### TASK DESCRIPTION
Go through the data and report each line that holds the string "Nissan".

[Stored dataset items]
###

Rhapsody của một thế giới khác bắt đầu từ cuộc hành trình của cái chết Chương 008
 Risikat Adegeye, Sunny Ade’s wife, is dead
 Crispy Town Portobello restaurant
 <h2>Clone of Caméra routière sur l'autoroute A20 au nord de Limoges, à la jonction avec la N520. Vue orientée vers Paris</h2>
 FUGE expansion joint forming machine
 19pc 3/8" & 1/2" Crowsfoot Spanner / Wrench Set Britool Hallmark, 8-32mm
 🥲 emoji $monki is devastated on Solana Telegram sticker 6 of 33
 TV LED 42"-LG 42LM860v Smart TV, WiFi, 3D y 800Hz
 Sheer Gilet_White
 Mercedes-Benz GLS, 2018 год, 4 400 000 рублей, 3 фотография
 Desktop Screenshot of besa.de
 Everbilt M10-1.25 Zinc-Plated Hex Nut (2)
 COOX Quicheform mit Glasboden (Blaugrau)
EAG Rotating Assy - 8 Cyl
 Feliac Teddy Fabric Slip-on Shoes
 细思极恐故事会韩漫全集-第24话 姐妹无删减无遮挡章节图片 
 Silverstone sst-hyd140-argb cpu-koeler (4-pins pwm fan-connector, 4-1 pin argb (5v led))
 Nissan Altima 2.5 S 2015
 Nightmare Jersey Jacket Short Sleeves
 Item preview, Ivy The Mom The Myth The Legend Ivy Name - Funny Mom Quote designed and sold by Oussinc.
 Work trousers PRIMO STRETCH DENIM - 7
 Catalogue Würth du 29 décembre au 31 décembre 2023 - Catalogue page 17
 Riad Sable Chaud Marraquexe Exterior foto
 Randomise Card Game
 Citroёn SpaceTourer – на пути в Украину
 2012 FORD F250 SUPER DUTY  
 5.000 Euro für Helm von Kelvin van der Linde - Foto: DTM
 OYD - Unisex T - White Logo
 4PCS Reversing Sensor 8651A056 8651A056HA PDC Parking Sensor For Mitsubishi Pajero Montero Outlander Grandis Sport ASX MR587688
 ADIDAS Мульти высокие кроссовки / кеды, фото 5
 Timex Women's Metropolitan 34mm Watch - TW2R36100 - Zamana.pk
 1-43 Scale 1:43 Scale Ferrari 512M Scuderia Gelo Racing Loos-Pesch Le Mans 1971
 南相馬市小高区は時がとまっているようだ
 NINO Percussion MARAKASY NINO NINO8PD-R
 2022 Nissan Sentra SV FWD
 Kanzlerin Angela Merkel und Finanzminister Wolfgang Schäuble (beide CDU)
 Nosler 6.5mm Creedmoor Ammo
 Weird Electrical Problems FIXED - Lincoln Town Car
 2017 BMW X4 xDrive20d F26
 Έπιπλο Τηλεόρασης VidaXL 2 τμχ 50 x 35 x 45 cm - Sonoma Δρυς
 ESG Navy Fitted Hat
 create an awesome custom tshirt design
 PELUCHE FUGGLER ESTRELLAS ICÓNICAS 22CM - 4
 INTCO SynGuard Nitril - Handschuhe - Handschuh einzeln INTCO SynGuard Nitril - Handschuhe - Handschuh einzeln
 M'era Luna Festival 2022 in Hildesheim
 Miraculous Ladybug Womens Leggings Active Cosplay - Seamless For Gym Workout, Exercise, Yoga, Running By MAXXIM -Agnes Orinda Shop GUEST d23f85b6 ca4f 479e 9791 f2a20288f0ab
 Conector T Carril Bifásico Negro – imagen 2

###

### THE COMPLETED TASK
 Nissan Altima 2.5 S 2015
 2022 Nissan Sentra SV FWD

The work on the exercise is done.